When running with g.gisenv set=DEBUG=1, I get:
v.vect.stats -p points=gc type=centroid areas=grid_one_cat points_col=col countcol=count statscol=sum method=sum [...] D1/1: 9 cats loaded from vector (including duplicates) D1/1: 5 cats loaded from vector (unique) [...]
There should be only 1 unique cat.
The attached patch seems to solve this for me, but it needs testing and review.
Changed 4 years ago by
Attachment: | v_vect_stats_unique_cats.diff added |
---|
patch (against trunk) to correctly uniquify list of cats
comment:4 follow-up: 5 Changed 4 years ago by
I applied the patch and tested.
- For my data (615 points, 3600 areas split in 325 categories), I got Segmentation fault.
- For the data generated with the commands you just posted, the result looks fine when running v.vect.stats with -p flag.
GRASS 7.3.svn (nc_spm_08_grass7):~ > v.vect.stats -p points=gc type=centroid areas=grid_one_cat points_col=col countcol=count statscol=sum method=sum Selecting points for each area... 100% area_cat|count|sum 1|9|18
However, if you remove that flag, to actually update the attribute table (which for this case it is supposed to have only one category), I get:
GRASS 7.3.svn (nc_spm_08_grass7):~ > v.db.select grid_one_cat cat|row|col|rown|coln|count|sum 1|3|1|C|A|9|18 2|3|2|C|B|| 3|3|3|C|C|| 4|2|1|B|A|| 5|2|2|B|B|| 6|2|3|B|C|| 7|1|1|A|A|| 8|1|2|A|B|| 9|1|3|A|C||
Is there something wrong with v.db.select or with v.edit? I followed all your steps. But even if I do v.db.select grid_one_cat
before v.vect.stats (and after the v.edit step), I get all the old categories:
GRASS 7.3.svn (nc_spm_08_grass7):~ > v.db.select grid_one_cat cat|row|col|rown|coln 1|3|1|C|A 2|3|2|C|B 3|3|3|C|C 4|2|1|B|A 5|2|2|B|B 6|2|3|B|C 7|1|1|A|A 8|1|2|A|B 9|1|3|A|C
I'm lost...
comment:5 follow-up: 6 Changed 4 years ago by
Replying to veroandreo:
I applied the patch and tested.
- For my data (615 points, 3600 areas split in 325 categories), I got Segmentation fault.

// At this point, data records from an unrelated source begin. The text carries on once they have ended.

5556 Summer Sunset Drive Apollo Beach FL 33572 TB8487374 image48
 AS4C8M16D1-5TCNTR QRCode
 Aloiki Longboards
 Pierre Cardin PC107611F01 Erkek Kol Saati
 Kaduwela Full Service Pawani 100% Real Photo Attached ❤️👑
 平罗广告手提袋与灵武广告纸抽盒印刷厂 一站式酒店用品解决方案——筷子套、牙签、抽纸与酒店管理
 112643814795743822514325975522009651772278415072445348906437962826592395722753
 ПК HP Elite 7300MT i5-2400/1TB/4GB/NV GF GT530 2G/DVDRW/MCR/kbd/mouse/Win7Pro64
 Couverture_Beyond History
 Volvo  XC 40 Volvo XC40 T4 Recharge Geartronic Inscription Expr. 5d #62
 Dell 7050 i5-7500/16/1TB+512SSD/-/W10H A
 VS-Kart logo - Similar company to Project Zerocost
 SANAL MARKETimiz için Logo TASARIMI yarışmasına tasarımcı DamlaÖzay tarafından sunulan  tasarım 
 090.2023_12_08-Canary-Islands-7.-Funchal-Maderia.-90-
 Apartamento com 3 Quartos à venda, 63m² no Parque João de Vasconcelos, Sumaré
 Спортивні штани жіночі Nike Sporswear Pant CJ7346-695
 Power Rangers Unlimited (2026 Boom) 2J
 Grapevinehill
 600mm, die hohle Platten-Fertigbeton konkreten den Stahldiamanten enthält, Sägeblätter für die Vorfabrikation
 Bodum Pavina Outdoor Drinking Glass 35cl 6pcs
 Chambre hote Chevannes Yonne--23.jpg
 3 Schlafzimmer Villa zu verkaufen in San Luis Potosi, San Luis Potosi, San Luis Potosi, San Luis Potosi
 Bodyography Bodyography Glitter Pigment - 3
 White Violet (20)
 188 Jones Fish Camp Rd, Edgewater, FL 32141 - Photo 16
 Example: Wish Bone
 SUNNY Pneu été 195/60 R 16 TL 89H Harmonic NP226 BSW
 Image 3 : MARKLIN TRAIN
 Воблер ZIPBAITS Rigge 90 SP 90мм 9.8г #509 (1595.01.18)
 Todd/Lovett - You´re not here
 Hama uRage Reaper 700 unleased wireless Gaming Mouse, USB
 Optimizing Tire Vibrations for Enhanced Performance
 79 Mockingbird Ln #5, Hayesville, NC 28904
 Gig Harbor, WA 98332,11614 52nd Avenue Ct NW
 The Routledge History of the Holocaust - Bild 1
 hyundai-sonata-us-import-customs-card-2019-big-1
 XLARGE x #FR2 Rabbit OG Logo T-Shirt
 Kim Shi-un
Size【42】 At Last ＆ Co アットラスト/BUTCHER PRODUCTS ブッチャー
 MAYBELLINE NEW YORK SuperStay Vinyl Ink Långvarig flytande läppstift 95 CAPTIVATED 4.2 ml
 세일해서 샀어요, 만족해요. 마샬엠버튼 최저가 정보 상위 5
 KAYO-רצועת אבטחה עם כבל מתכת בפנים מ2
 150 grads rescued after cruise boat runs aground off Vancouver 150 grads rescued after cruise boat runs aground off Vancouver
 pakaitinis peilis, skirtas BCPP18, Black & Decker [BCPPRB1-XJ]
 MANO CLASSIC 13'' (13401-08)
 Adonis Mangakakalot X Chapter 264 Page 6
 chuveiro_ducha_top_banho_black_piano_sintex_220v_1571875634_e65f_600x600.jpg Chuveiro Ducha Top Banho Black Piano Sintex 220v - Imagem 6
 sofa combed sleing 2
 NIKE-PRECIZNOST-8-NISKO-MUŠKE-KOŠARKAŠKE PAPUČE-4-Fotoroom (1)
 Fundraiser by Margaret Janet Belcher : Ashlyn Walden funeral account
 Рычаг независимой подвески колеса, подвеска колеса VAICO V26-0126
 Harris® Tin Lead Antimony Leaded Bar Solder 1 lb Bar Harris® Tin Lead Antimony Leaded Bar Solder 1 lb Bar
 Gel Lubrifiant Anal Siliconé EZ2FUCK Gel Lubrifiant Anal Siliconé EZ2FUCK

Yes, i just noticed this for the original test data (test_areas, test_points) as well...
- For the data generated with the commands you just posted, the result looks fine when running v.vect.stats with -p flag.
GRASS 7.3.svn (nc_spm_08_grass7):~ > v.vect.stats -p points=gc type=centroid areas=grid_one_cat points_col=col countcol=count statscol=sum method=sum Selecting points for each area... 100% area_cat|count|sum 1|9|18However, if you remove that flag, to actually update the attribute table (which for this case it is supposed to have only one category), I get:
GRASS 7.3.svn (nc_spm_08_grass7):~ > v.db.select grid_one_cat cat|row|col|rown|coln|count|sum 1|3|1|C|A|9|18 2|3|2|C|B|| 3|3|3|C|C|| 4|2|1|B|A|| 5|2|2|B|B|| 6|2|3|B|C|| 7|1|1|A|A|| 8|1|2|A|B|| 9|1|3|A|C||Is there something wrong with v.db.select or with v.edit? I followed all your steps. But even if I do
v.db.select grid_one_cat
before v.vect.stats (and after the v.edit step), I get all the old categories:GRASS 7.3.svn (nc_spm_08_grass7):~ > v.db.select grid_one_cat cat|row|col|rown|coln 1|3|1|C|A 2|3|2|C|B 3|3|3|C|C 4|2|1|B|A 5|2|2|B|B 6|2|3|B|C 7|1|1|A|A 8|1|2|A|B 9|1|3|A|CI'm lost...
This is normal: the table is not changed by the v.category commands, only the cat values. So all the old entries are still there. To make it really clean, one would have to run v.db.connect -d, db.droptable, v.db.addtable after the v.category command.
comment:6 Changed 4 years ago by
Replying to mlennert:
Replying to veroandreo:
I applied the patch and tested.
- For my data (615 points, 3600 areas split in 325 categories), I got Segmentation fault.
Yes, i just noticed this for the original test data (test_areas, test_points) as well...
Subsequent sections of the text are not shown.